Post

Import Data

The foundational knowledge stems from the NYU’s “CSCI-UA 479 Data Management and Analysis” course by Joe Versoza.

Importing Data

We can import data into table by running .sql script or importing files

The typical workflow for imports is:

  1. Creating a table bassed on the data that you’ll import
  2. potentially clean the data so that the import works well
  3. import a file with a COPY query or generate INSERT statements in a .sql file

Running SQL Scripts

Two ways to run .sql scripts:

  1. in the psql client, use the \i command:
    • \i /path/to/stuff-to-import.sql
  2. When starting psql, a file that contains sql commands can be redirected to the client so that statements within it are run:
    • psql someDatabaseName < /path/to/stuff-to-import.sql

In both cases, the .sql file can contain any number of valid sql commands.

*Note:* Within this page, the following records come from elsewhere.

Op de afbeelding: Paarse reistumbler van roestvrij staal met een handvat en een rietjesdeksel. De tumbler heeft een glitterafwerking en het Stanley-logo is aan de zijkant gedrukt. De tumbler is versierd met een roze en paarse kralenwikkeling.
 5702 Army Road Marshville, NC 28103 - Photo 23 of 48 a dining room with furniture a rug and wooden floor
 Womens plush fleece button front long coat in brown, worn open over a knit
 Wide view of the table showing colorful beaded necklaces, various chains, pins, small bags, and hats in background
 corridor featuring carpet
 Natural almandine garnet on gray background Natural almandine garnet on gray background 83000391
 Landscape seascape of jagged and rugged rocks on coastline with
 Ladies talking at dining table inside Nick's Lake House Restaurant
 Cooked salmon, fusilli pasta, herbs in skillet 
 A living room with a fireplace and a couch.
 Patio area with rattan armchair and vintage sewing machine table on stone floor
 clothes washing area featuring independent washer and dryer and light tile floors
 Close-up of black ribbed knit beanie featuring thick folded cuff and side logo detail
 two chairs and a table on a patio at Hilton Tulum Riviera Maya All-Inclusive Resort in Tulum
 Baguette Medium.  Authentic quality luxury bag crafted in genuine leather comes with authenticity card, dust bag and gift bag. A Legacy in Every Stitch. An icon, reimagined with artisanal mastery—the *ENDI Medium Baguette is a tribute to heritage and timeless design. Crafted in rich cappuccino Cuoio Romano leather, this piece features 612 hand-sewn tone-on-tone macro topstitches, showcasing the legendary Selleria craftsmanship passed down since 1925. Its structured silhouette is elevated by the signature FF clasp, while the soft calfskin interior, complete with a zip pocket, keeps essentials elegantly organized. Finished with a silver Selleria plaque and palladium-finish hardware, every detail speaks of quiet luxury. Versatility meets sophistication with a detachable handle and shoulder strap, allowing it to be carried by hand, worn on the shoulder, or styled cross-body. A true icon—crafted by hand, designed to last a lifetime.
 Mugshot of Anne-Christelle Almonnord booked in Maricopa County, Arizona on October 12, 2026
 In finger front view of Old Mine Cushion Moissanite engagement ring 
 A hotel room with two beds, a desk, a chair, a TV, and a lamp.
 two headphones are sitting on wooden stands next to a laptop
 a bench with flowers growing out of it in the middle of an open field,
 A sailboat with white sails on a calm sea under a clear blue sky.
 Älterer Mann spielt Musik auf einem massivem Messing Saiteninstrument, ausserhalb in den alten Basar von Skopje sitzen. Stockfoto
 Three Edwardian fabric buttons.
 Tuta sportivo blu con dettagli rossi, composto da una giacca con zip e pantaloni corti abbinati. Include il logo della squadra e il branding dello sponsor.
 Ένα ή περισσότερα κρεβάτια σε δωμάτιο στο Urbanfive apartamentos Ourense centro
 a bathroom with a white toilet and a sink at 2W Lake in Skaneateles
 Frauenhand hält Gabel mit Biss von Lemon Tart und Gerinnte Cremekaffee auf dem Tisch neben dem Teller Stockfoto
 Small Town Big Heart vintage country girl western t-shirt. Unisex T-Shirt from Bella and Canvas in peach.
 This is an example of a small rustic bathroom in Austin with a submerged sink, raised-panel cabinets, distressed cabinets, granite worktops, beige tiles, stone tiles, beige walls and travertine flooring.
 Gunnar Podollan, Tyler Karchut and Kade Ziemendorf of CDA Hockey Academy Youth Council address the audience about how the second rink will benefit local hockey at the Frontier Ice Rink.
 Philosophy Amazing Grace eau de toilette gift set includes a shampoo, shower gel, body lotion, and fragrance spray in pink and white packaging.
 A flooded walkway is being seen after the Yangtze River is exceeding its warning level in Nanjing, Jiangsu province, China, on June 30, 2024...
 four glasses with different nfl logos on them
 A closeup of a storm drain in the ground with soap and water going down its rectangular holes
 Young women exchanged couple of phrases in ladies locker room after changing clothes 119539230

Importing data by running SQL scripts example

1
2
3
4
5
6
7
8
9
10
11
12
13
DROP TABLE IF EXISTS song;
CREATE TABLE song (
	id serial PRIMARY KEY,
  	title varchar(100),
  	artist varchar(100),
  	danceability numeric
);

INSERT INTO song (title, artist, danceability)
	VALUES
		('Heartbeats', 'Jose Gonzalez', 0.01),
		('Heartbeats', 'The Knife', 0.9),
		('Lucid Dreams', 'Juice WRLD', 0.9)

Before running psql: psql dbname < song.sql

While in psql: \i songs.sql

COPY from csv

COPY can be used to import data from a csv (this is not standard SQL)

1
2
3
COPY table_name
	FROM filename
	options

options can be replaced by some combination of additional options that control how file should be imported

To import only specific columns, use parentheses after the table name.

1
2
3
COPY table_name (col1, col2, col3)
	FROM filename
	options

COPY options

  • format of file: text, csv or binary
  • DELIMITER AS 'some char' - specify delimiter (default is comma for csv)
  • NULL AS 'null_string' - determines what string to treat as null (default for csv is empty string)
  • HEADER - presence specifies that header is included in file
  • ENCODING 'ENCODING_NAME' - specify encoding of file being imported (ENCODING 'LATING'), if not specified, client encoding is used (psql will auto detect based on your locale settings, likely ‘UTF8’)
  • QUOTE AS 'quote_character' - specify quote character

COPY example

Assume that this is csv example

1
2
3
4
5
title,artist,danceability
Heartbeats,Jose Gonzalez,0.01
Heartbeats,The Knife,0.9
Lucid Dreams,Juice WRLD,0.9
Happy Birthday,N/A,0.9

and a table exists with appropriate types

1
2
3
4
id serial PRIMARY KEY,
title varchar(100),
artist varchar(100),
danceability numeric
1
2
3
4
-- 4 columns, but only 3 in csv
COPY song (title, artist, danceability)
	FROM '/tmp/songs.csv'
	csv HEADER NULL AS 'N/A';

Assume that a tab delimited file that contains all the columns needed

1
2
3
COPY student
	FROM '/tmp/student.txt'
	csv HEADER DELIMITER AS E'\t';

Additional information can be found in the COPY documentation.

Import JSON

  • the target column of the import should be type jsonb see the docs
  • jsonb allows a column to store JSON data that can be keyed/indexed into using arrow syntax -> (col->'field_name')
  • the format of the data file being brought in should be a JSON object per line
1
2
3
4
CREATE TABLE foo (
	id serial PRIMARY KEY,
  	data jsonb
);
1
2
3
{"name": "bar", "a": 12, "b": 14}
{"name": "qux", "a": 100, "b": 101}
{"name": "corge", "a": 98, "b": 99}
1
2
COPY foo (data) FROM '/tmp/data.json';
SELECT data->'a' FROM foo;

Types

When accessing a value with colName->'key', the returned type is still jsonb.

Alternatively, ->> can be used to return text.